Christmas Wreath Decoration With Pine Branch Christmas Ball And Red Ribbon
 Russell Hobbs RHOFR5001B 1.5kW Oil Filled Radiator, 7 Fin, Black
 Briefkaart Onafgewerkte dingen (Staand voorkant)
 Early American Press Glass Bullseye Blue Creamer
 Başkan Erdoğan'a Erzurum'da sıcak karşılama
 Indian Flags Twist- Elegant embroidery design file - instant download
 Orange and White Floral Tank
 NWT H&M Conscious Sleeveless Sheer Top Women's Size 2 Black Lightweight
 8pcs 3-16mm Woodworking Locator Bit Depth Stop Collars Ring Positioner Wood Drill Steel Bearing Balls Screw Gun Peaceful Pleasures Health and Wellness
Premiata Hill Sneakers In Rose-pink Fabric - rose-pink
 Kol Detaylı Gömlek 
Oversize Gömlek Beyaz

Task instructions →
Restate each record above word for word.

Solved exercise →
Christmas Wreath Decoration With Pine Branch Christmas Ball And Red Ribbon
 Russell Hobbs RHOFR5001B 1.5kW Oil Filled Radiator, 7 Fin, Black
 Briefkaart Onafgewerkte dingen (Staand voorkant)
 Early American Press Glass Bullseye Blue Creamer
 Başkan Erdoğan'a Erzurum'da sıcak karşılama
 Indian Flags Twist- Elegant embroidery design file - instant download
 Orange and White Floral Tank
 NWT H&M Conscious Sleeveless Sheer Top Women's Size 2 Black Lightweight
 8pcs 3-16mm Woodworking Locator Bit Depth Stop Collars Ring Positioner Wood Drill Steel Bearing Balls Screw Gun Peaceful Pleasures Health and Wellness
Premiata Hill Sneakers In Rose-pink Fabric - rose-pink
 Kol Detaylı Gömlek 
Oversize Gömlek Beyaz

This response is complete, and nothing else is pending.